明治維新まで久光に忠実に使えていたが、新政府が発足すると中山尚之助は、大久保利通ら政府要人の暗殺を企てたとして警視庁に逮捕され、懲役10年の判決を受けて獄中で死去した。
堀次郎(伊地知貞馨)
堀次郎は幕末の薩摩藩士で、のちに伊地知貞馨(いじちさだか)と名を変えた。
「国父」して実権を握った島津久光は過激な行動を起こしがちな誠忠組の取り込みを図って、誠忠組の旗揚げに加わっていた堀次郎を側近として抜擢した。
当初は大久保一蔵(利通)と並ぶ久光の側近として、京都や江戸などで他藩との交渉などに活躍していた。
幕政改革を目指した久光の率兵上京に際して準備のための時間稼ぎのために、藩主・島津茂久の参勤の延期を幕府に申し出たが受け入れられず、口実を作るために堀次郎は藩の密命を受けて江戸藩邸を自焼させた。

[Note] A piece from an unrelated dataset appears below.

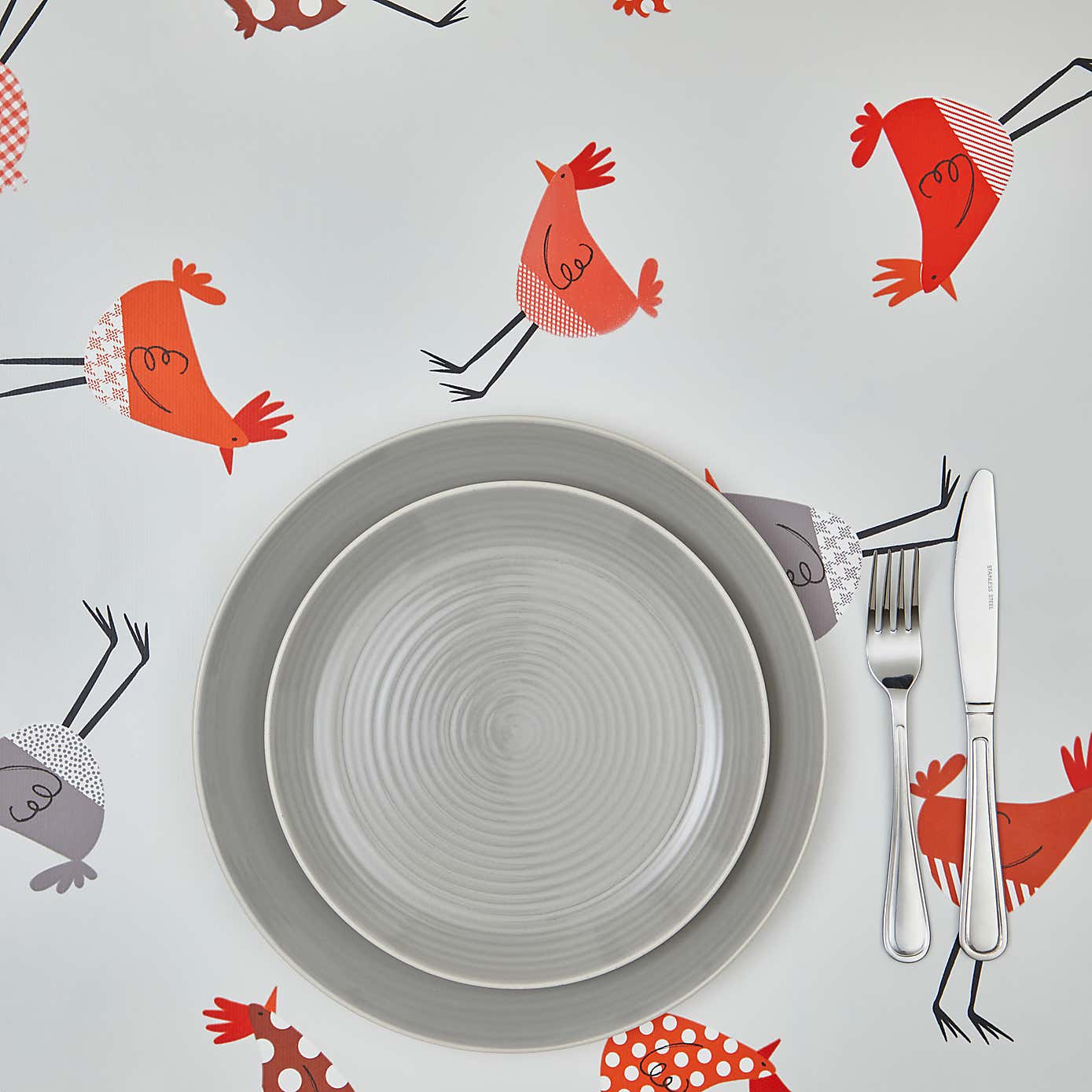 By the Metre Chicken Terracotta PVC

これにより茂久は江戸出府の遅延を許されたが、翌年になって幕府に火災が自作自演であることを突き止められた。
主犯格とされた堀次郎は幕府からの追求から逃れるために「伊地知」へと改称して江戸から鹿児島に戻り、以後は政治活動の第一線から退いた。
明治維新後は内務省に出仕するが、長年の盟友だった内務卿・大久保利通に、琉球からの収賄を咎められて免職となった。